Mais si vous situez ce réveil hors de la politique (politicienne, tout au moins), dès lors, COMMENT nous réveiller et, surtout, nous réveiller tous ensemble pour faire corps contre les forces libérales que vous dénoncez à raison ?
En vivant le catholicisme évangélique auquel nous appelle le pape François ? Ce serait déjà beaucoup, certes. Et en même temps, cela paraît si peu à l'échelle individuelle face aux puissances à l’œuvre...
Ne pas désespérer, déjà. Rester humble, ensuite. Se mettre en mouvement, enfin.

Quentin


[ PP à Q. - Le réveil, c'est d'abord la prise de conscience de chacun. C'est ce qui rendra le reste possible ! Première tâche : aider tout le monde à sortir des illusions.
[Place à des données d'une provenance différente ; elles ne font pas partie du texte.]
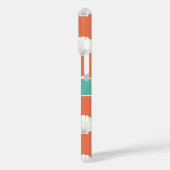 サンゴティール(緑がかった色)ホワイトクラムシェルズシーシェルズモノグラム Case-Mate iPhoneケース (裏面 / 左)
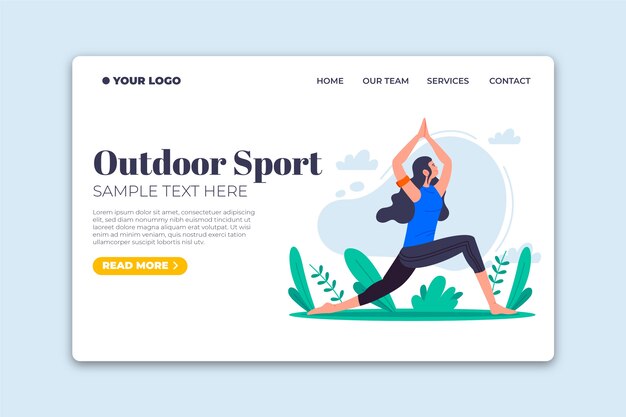 Outdoor sport template landing page flat design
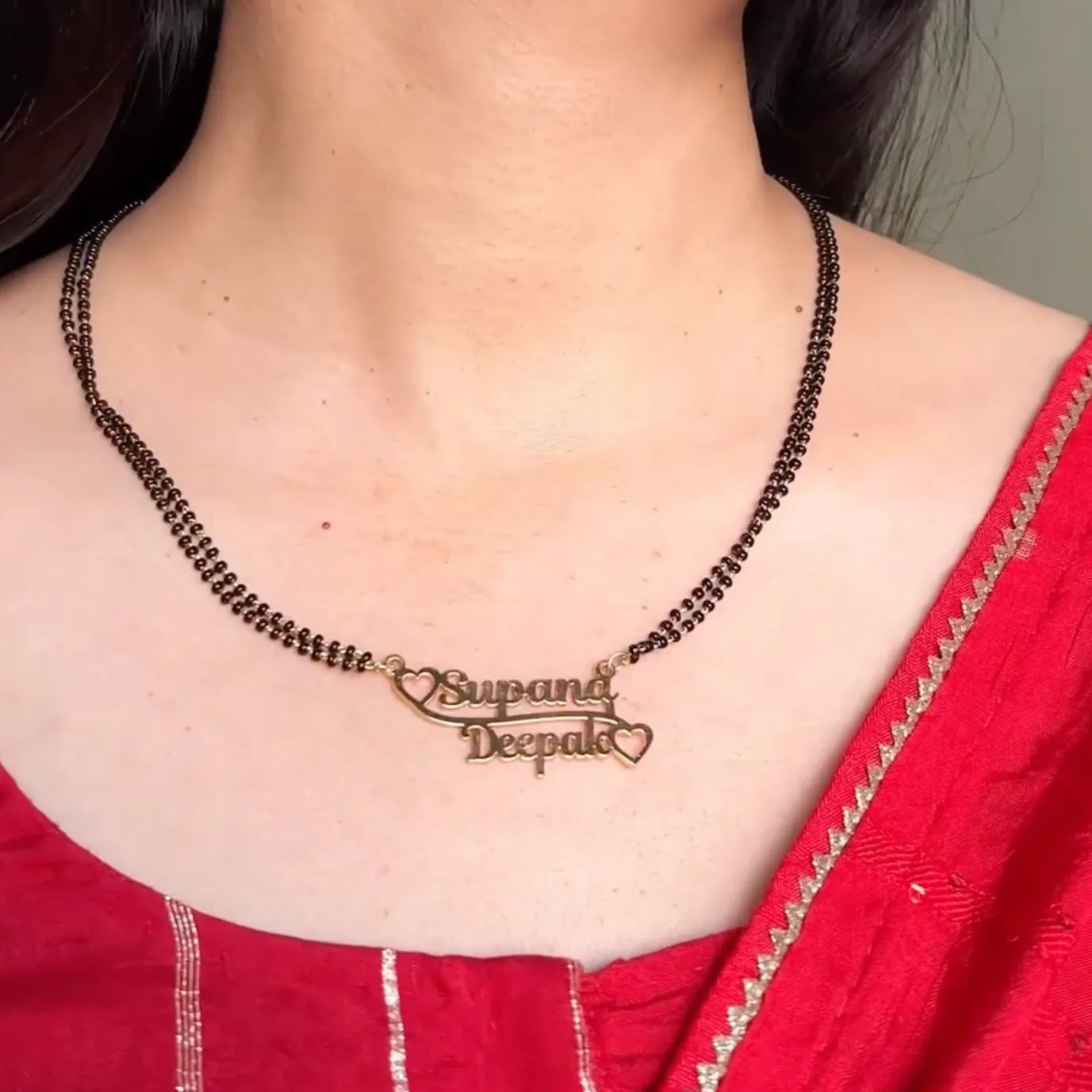 Double Heart Couple Name Necklace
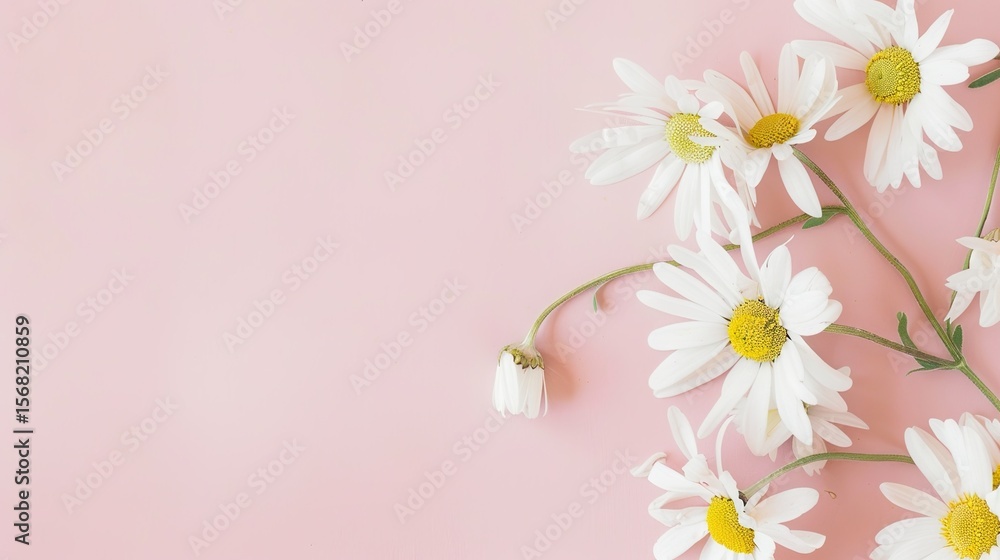 Fototapeta premium Minimalist White Daisy Chamomile on Pale Pink Background: Petal Contrast, Soft Aesthetic, and Floral Design Harmony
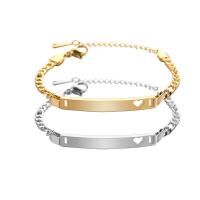 304 Stainless Steel Bracelet with 1.97inch extender chain Vacuum Ion Plating Each custom text must be less than 10 letters & fashion jewelry & Unisex Length Approx 5.91 Inch Sold By PC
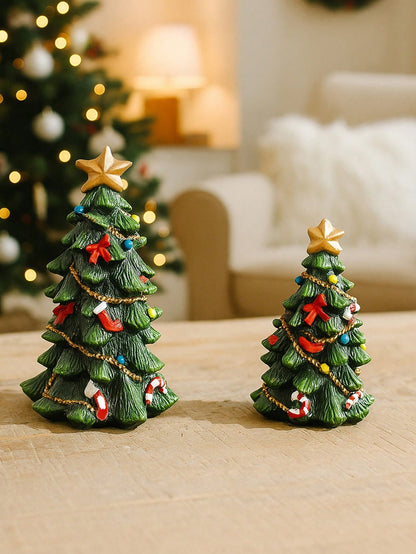 2Pcs Resin Christmas Tree Decorations with Star Topper Mini Desktop Holiday Ornaments, Cute Christmas Figurines Centerpieces, Holiday Party Home Decorations, Suitable for Living Room, Fireplace, Desk, Christmas Decorations Room Decor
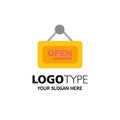 Marketing, Board, Sign, Open Business Logo Template. Flat Color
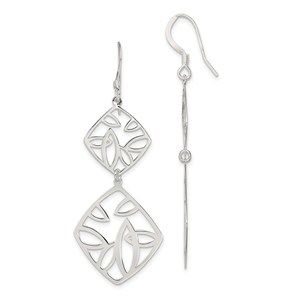 Sterling Silver Polished Fancy Geometric Dangle Earrings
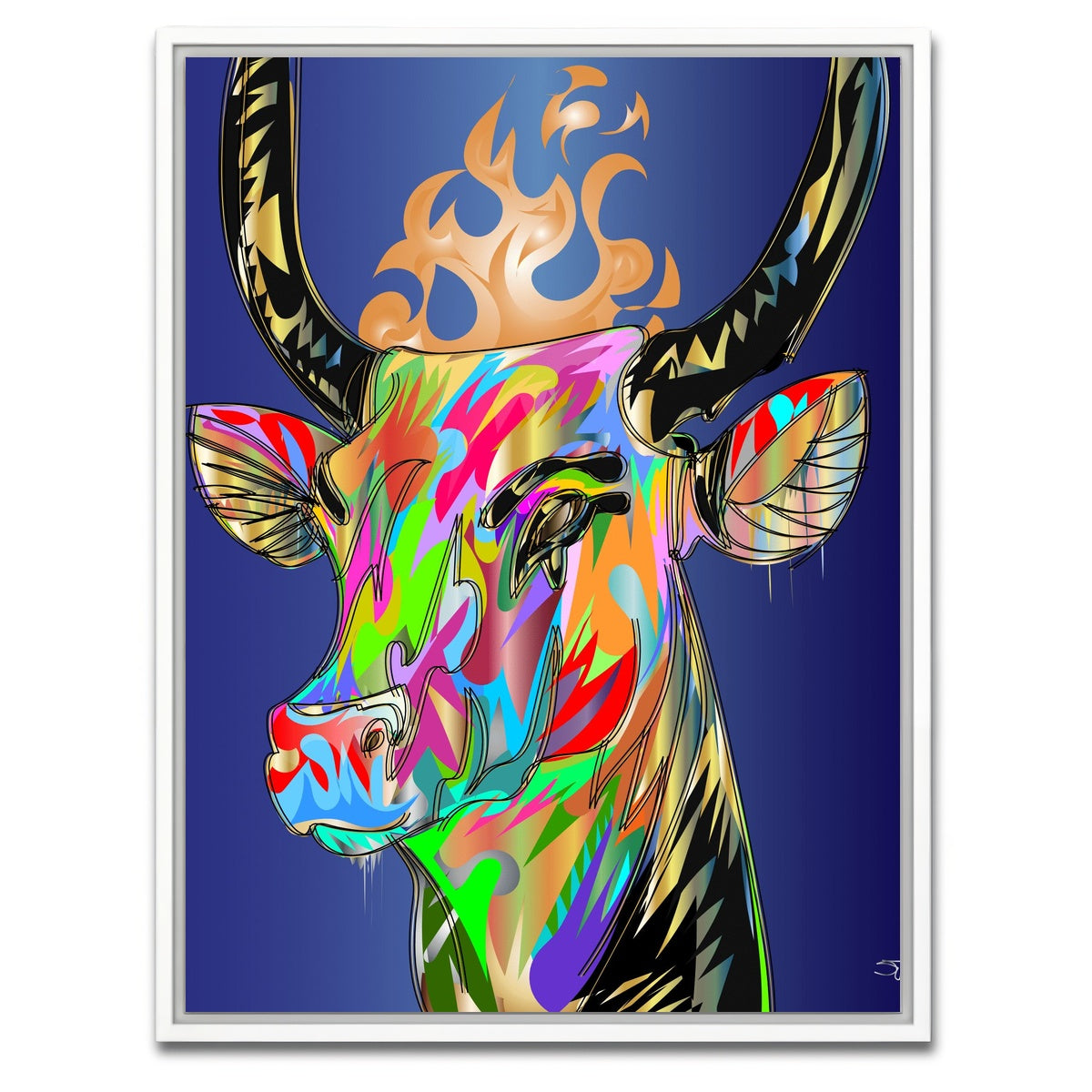 AUTO-MOCKUP WHITE | golden calf | 1 Piece | White Framed Canvas | group=3x4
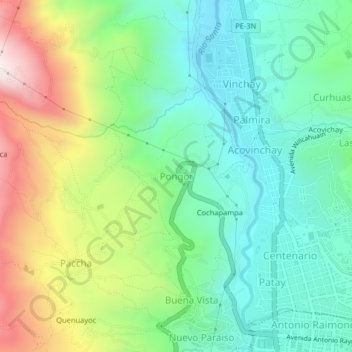 Topografische Karte Pongor, Höhe, Relief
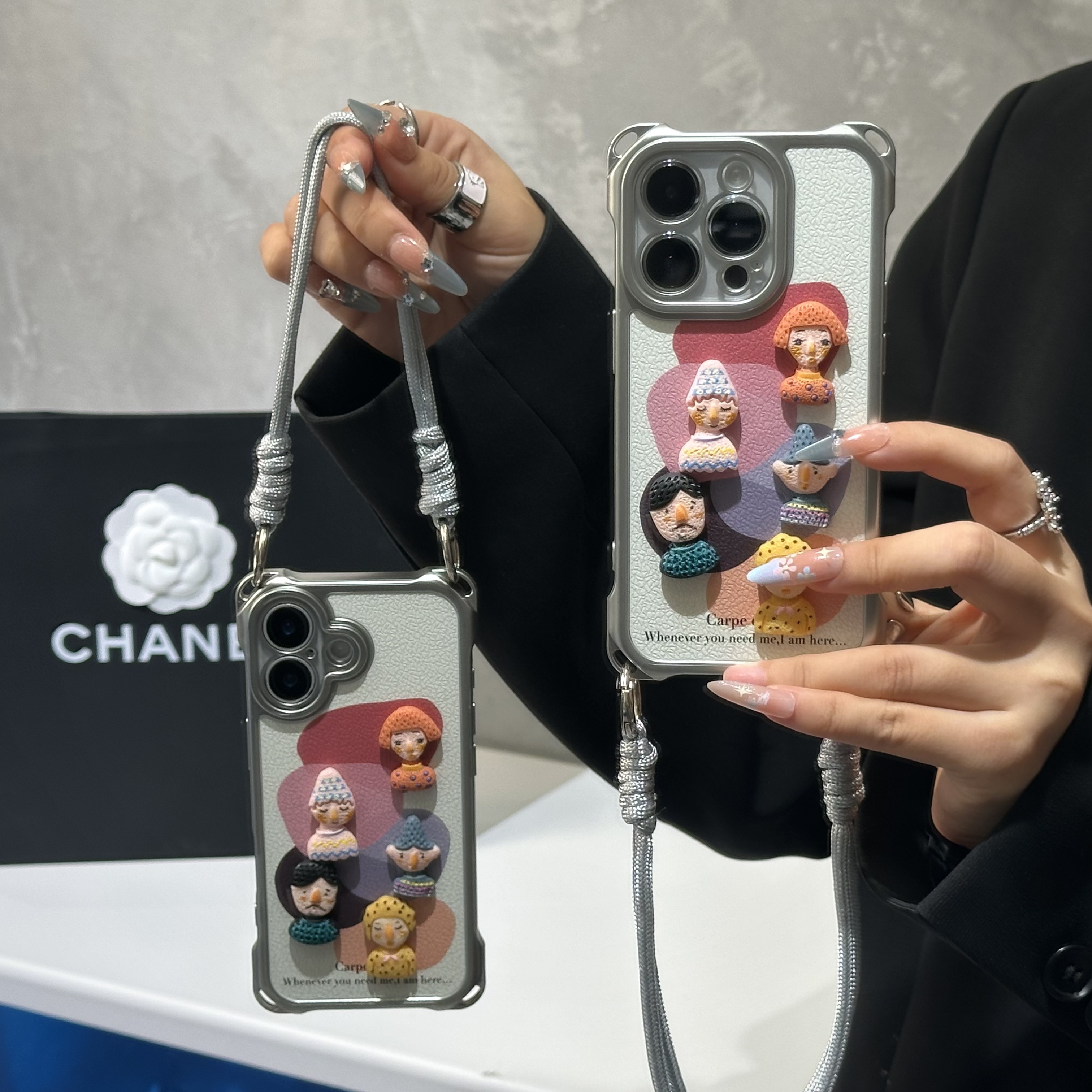 奥菲顿涂鸦颜料块四角挂绳适用苹果16/15p手机壳华为vivo小米oppo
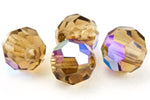 Preciosa 6150 Smoked Topaz AB Faceted Round Bead (3mm, 4mm, 6mm, 8mm)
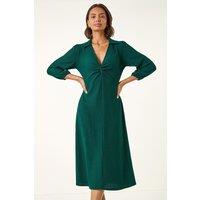 Roman Women's Textured Collared Twist Front Dress in Green | Size: 14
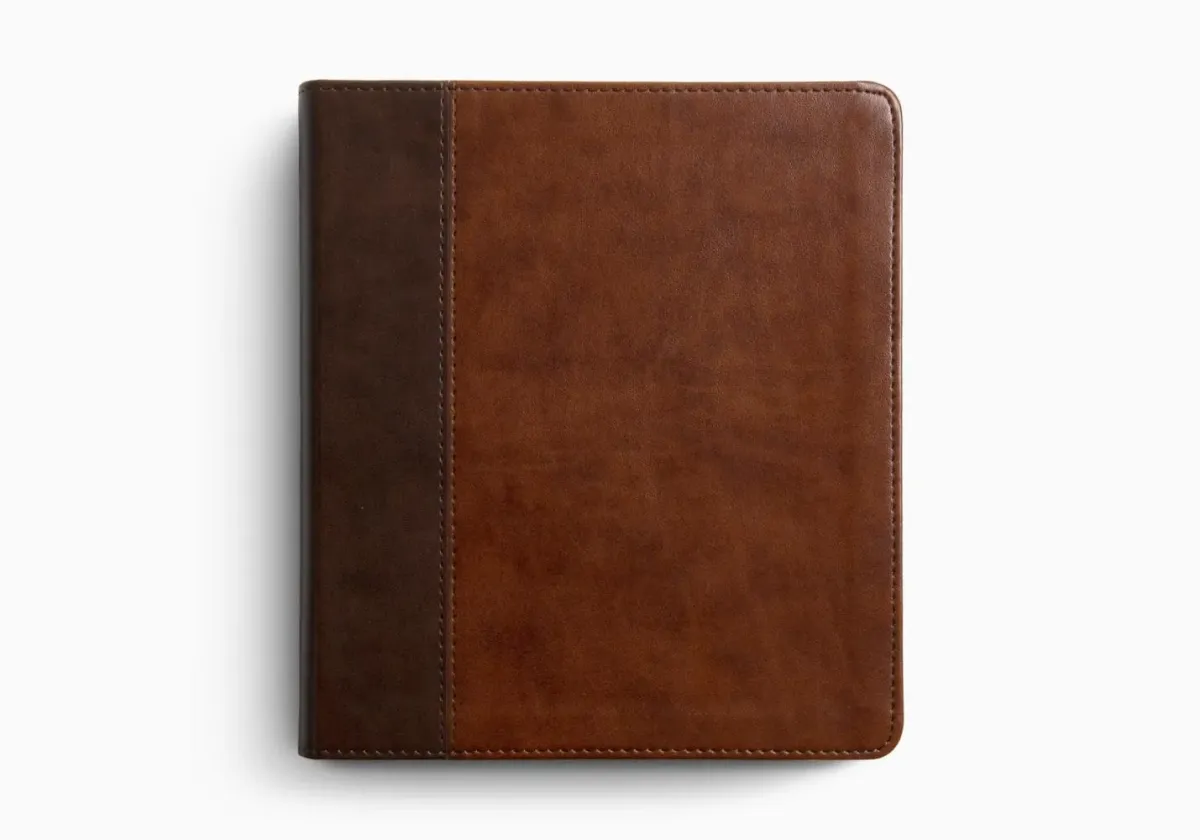 Anglais, Bible Journaling, English Standard Version - cuir brun, marque page, grandes marges
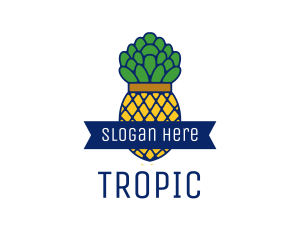 Pineapple Fruit Outline logo design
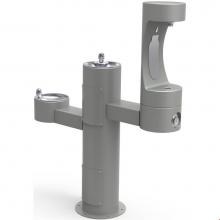 Elkay LK4430BF1MGRY - Outdoor ezH2O Middle Bottle Filling Station Tri-Level Pedestal, Non-Filtered Non-Refrigerated Gray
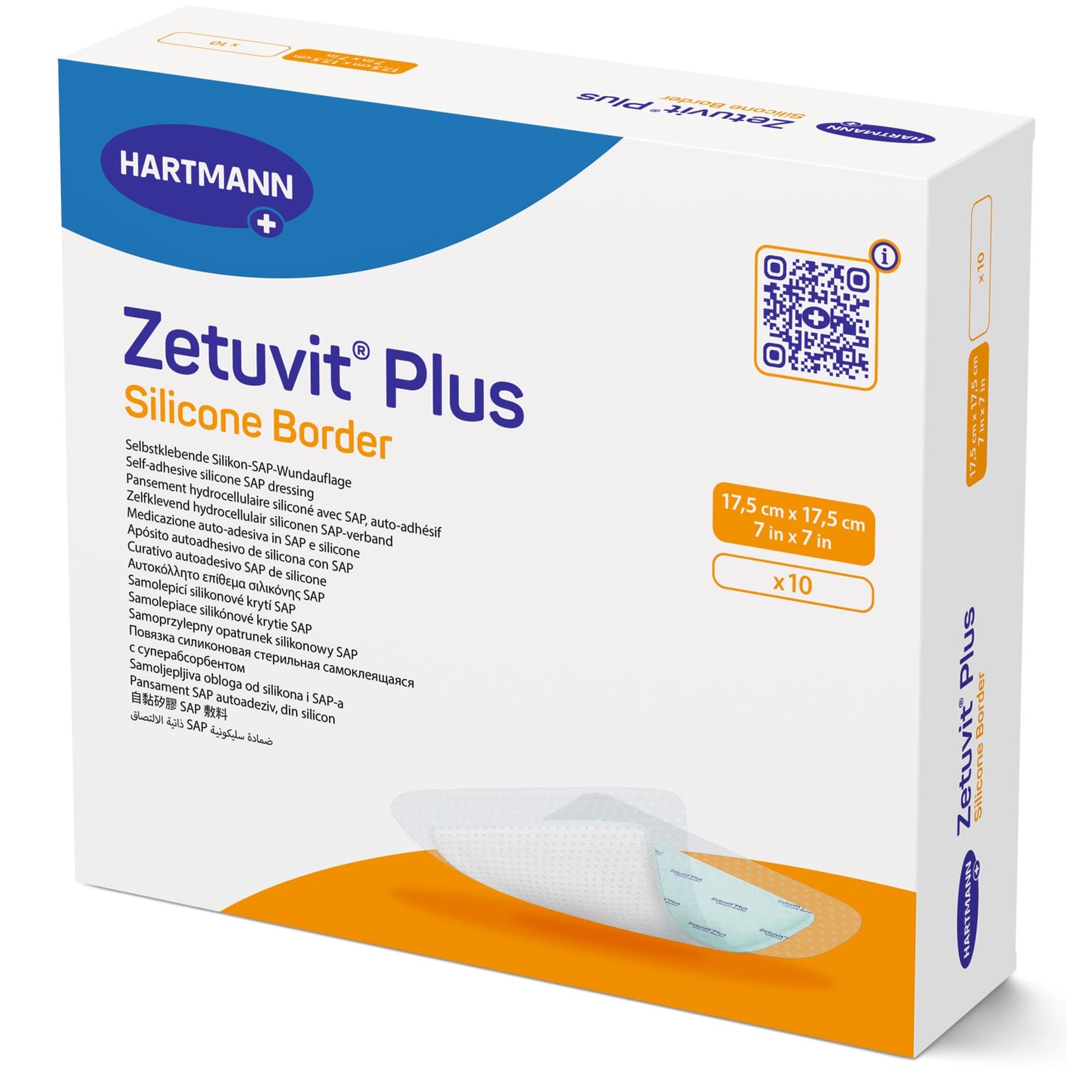 Zetuvit Plus Silicone Border Super Absorbent Dressing, 7 x 7 Inch - Box of 10 - Image 1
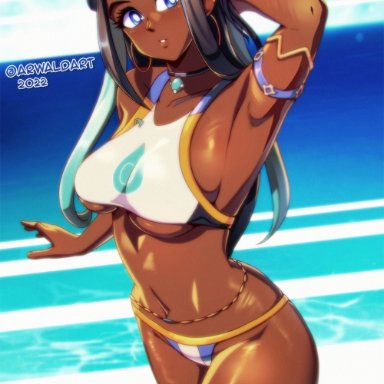 game freak, nintendo, pokemon, nessa (pokemon), arwald, 1girls, beach, bikini, blue eyes, blue hair, breasts, dark skin, gem, jewelry, long hair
Et cette tâche-là est à notre portée. ]

réponse au commentaire

Écrit par : Quentin / | 12/05/2016

J.F. POISSON N'EST PAS LIBÉRAL

> Une exception parmi les pré-candidats de la droite qui passent par la case primaire, JF Poisson, qui affirmait lors de la présentation de son projet : "la principale révolution qui serait à accomplir aujourd'hui, c'est que le politique reprenne le pas sur la finance. Je sais que cela déplaît à certains, mais je ne suis pas libéral."
GP


[ PP à GP
- JFP (qui a toute notre admiration) ne pense sans doute pas battre Juppé. Sa présence combattante est une candidature de principe, utile dans la mesure où elle proclame tout haut ce que les libéraux ne pensent même pas tout bas. Mais l'argent est du côté des libéraux : et c'est lui qui prévaut dans ce genre d'exercice...
- Accessoirement, il sera intéressant de voir si les bons jeunes gens de SC ont le courage de soutenir JFP, ou s'ils s'embarquent dans les contorsions habituelles. (On se souvient de la précédente "catho de l'UMP" se mettant debout sur sa chaise pour applaudir Juppé lors de son retour en 2006... ]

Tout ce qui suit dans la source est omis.